Swap agreements and variable prepaid forward
contracts are valued based upon quoted fair valuations received daily by the
Fund from a pricing service or counterparty. Valuation of short-term investment vehicles is generally based on the net asset value of the underlying investment vehicle or amortized cost. The Fund
employs pricing services to provide certain securities prices for the Fund. Securities and assets for which market quotations are not readily available are valued at fair value as determined in good faith by or under the direction of the Board of
Directors of the Fund, including valuations furnished by the pricing services retained by the Fund, which may use a matrix system for valuations.
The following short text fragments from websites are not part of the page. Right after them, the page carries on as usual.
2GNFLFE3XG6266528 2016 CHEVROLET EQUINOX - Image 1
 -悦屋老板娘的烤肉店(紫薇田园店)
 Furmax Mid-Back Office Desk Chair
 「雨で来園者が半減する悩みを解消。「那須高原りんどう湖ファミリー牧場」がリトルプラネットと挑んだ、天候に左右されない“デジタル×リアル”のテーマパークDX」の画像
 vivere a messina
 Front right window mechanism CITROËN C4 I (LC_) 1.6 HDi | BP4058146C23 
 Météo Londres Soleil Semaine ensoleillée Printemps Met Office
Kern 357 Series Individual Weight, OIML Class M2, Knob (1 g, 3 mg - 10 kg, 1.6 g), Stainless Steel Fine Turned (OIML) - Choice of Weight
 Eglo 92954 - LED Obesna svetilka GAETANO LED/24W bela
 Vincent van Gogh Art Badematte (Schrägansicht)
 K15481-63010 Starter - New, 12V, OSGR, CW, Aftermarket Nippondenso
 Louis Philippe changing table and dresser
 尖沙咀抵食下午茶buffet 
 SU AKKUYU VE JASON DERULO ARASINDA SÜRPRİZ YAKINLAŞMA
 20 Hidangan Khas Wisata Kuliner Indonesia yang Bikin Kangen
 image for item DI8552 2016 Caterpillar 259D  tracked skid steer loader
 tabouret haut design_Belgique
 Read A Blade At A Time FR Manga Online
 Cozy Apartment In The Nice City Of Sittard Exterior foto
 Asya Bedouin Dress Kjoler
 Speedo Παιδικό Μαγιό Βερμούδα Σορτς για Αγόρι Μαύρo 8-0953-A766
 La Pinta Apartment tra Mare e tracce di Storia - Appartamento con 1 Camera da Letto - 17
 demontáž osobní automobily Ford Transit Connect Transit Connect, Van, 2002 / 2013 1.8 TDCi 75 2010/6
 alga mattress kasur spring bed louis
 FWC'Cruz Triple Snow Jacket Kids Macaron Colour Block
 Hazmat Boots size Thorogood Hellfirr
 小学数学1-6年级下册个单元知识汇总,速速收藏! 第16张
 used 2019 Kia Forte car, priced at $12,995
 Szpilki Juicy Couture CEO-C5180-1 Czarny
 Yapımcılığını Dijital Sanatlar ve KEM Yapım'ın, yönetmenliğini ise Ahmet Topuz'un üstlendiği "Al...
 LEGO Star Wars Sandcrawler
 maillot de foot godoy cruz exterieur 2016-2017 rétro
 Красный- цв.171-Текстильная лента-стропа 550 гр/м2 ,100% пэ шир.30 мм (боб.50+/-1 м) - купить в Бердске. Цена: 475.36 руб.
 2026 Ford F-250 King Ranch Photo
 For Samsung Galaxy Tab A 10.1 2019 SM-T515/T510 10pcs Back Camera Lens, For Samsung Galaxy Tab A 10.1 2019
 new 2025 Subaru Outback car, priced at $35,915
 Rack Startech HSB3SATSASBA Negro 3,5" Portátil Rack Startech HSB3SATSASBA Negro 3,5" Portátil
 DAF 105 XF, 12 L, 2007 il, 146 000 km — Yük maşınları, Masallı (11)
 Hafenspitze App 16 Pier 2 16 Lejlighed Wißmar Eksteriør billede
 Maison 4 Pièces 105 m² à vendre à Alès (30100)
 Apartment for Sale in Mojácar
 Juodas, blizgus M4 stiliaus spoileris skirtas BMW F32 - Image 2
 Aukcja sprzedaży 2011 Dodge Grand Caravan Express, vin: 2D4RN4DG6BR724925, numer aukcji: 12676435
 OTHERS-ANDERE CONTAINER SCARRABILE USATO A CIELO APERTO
The procedures of a pricing service and its valuations are reviewed by the officers of the Fund under
the general supervision of the Funds Board of Directors. Such valuations and procedures will be reviewed periodically by the Board of Directors of the Fund.
Generally, trading in U.S. government securities, money market instruments and certain fixed-income securities, is substantially completed each day at various times
prior to the close of business on the NYSE. The values of such securities used in computing the net asset value of the Funds shares are determined as of such times.
Occasionally, events affecting the values of such securities and such exchange rates may occur between the times at which they are determined and the close of
business on the NYSE that may not be reflected in the computation of the Funds net asset value. If events (for example, a company announcement, market volatility or a natural disaster) occur during such periods that are expected to materially
affect the value of such securities, those securities may be valued at their fair value as determined in good faith by the Funds Board of Directors or by the investment adviser using a pricing service and/or procedures approved by the
Funds Board of Directors.
(b) Master Limited Partnerships The Fund may purchase both domestic and international MLPs. The Funds
investment in MLPs may include ownership of MLP common units and MLP subordinated units. The Fund also may purchase MLP I-Shares (together with the MLPs, the MLP Entities). MLP I-Shares are pay-in-kind securities created as a means to
facilitate institutional ownership of MLPs by simplifying the tax and administrative implications of the MLP structure. Generally, when an MLP pays its quarterly cash distribution to unitholders, holders of I-Shares do not receive a cash
distribution; rather, they receive a dividend of additional I-Shares from the MLP of comparable value to the cash distribution paid to each unitholder. The Fund may purchase interests in MLP Entities on an exchange or may utilize non-public market
transactions to obtain its holdings, including but not limited to privately negotiated purchases of securities from the issuers themselves, broker-dealers, or other qualified institutional buyers.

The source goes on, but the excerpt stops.